Optimize streaming DataFrame execution for 80% memory reduction by auxten · Pull Request #545 · chdb-io/chdb

auxten · 2026-03-19T11:07:31Z

Summary

Replace synchronous query("DataFrame") with send_query("DataFrame") + pd.concat in Connection.execute() for database/file queries
Reduces C++ ChunkCollectorOutputFormat memory accumulation by streaming chunks one at a time
Includes set_streaming_df() config toggle as safety escape hatch
Automatic fallback for DDL statements and empty result sets

Benchmark Results (500M rows, 50M matching)

Metric	Before	After	Improvement
MemoryTracker peak	12.68 GiB	2.53 GiB	80% reduction
Process RSS peak	14.28 GiB	4.54 GiB	68% reduction

Test plan

9 new streaming tests (sync vs streaming equivalence, filters, aggregation, empty/single-row, config toggle, DataFrame source)
Full test suite: 10691 passed, 0 failed
Benchmark regression check on 100K/1M/10M rows — small result overhead ~10-15%, large result sets faster

…urces Previously, tail(n) on remote ClickHouse tables would download the entire table via _get_df(), making it O(N) for large tables. Now for positive n with SQL sources: - Uses count_rows() (SQL COUNT(*)) to get total rows efficiently - Uses offset(total - n).limit(n) to fetch only the last N rows - Falls back to pandas path for negative n or non-SQL sources Adds _can_use_sql_tail() helper to check if optimization is safe (requires SQL source and all lazy ops must be SQL-expressible). Adds 21 new tests covering tail correctness, edge cases, SQL optimization verification, and remote ClickHouse integration.

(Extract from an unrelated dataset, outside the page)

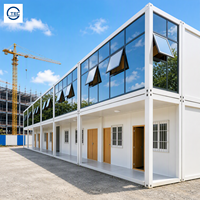 Maison préfabriquée en conteneur à deux étages avec mur en verre modulaire, fenêtre à auvent, bureau temporaire, dortoir pour le personnel, structure en acier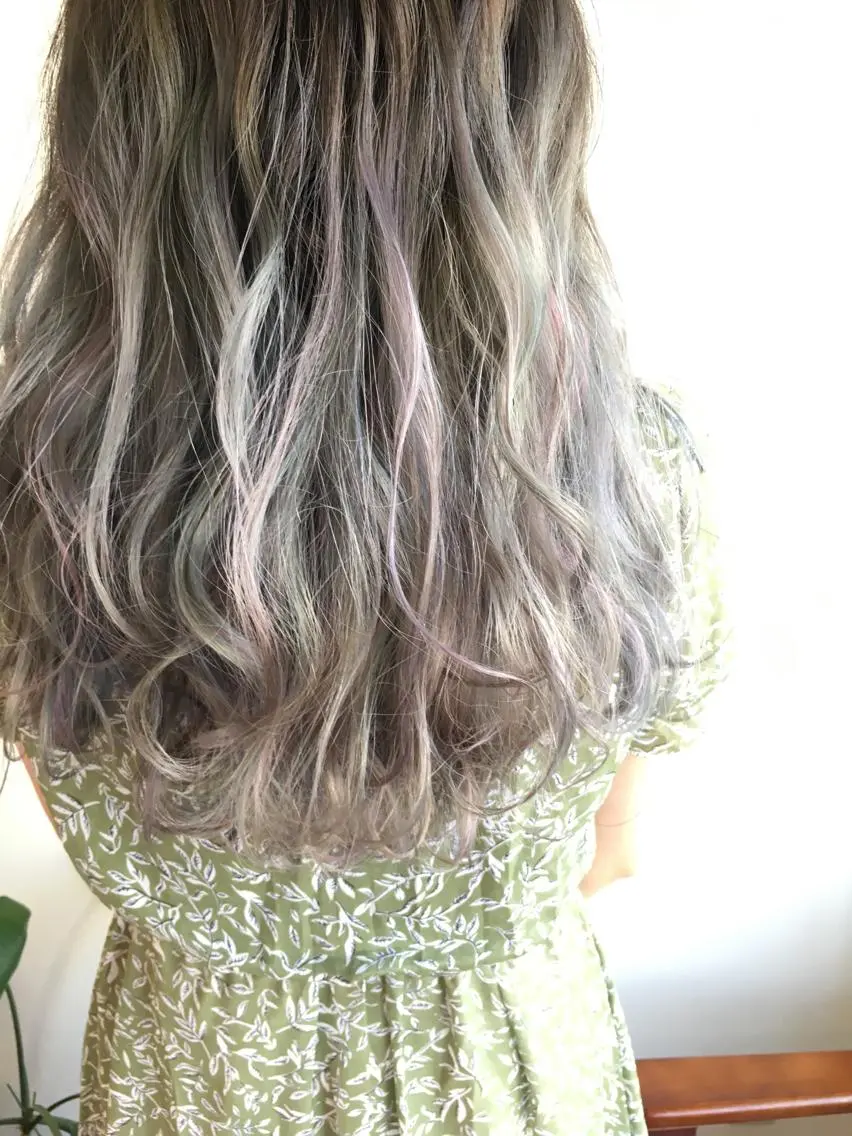 カラー ハイトーンカラー ゴトウ ノブヒトのヘアスタイル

…wnload For SQL-backed DataStores (files, remote ClickHouse), these methods now use SQL queries instead of loading all data: - info(): Uses COUNT(*) + LIMIT 0 probe + COUNT(col) for non-null counts - describe(): Single SQL query with COUNT/avg/stddevSamp/min/max/quantileExactInclusive - sample(n): Uses ORDER BY rand() LIMIT n Falls back to pandas for unsupported cases (replace=True, weights, random_state, include='all').

…cates/memory_usage

…state When use(database, table) was called, it set _connection_mode='table' but didn't create _table_function or set table_name. This caused _require_table_context() to pass while SQL generation failed due to missing FROM clause source. Add _bind_table_context() method that properly sets table_name and creates _table_function for remote sources. Call this from use() when a table argument is provided (2-arg and 3-arg cases). Now ds.use('db', 'tbl').head() works correctly.

…pushdown helper - Fix drop_duplicates(subset=...) to generate LIMIT 1 BY in SQL instead of ignoring subset in SQL path - Add _distinct_subset field to track subset columns for SQL generation - Extract repeated has_non_sql_ops check to _can_sql_pushdown() helper - Add LazyDistinct to query planner's _can_push_op_to_sql() for SQL pushdown - Add 21 tests for SQL generation, correctness, and log verification

…ushdown check Fix ClickHouse SQL syntax by moving LIMIT 1 BY before LIMIT/OFFSET in: - core.py:_generate_select_sql() - sql_executor.py:build_simple_sql() - sql_executor.py:build_sql_with_row_order_subquery() - sql_executor.py:assemble_sql() Refactor memory_usage() to use existing _can_sql_pushdown() helper instead of duplicating the has_non_sql_ops check inline. Add 12 SQL verification tests for clause ordering, _can_sql_pushdown with LazyDistinct, and extended log capture scenarios.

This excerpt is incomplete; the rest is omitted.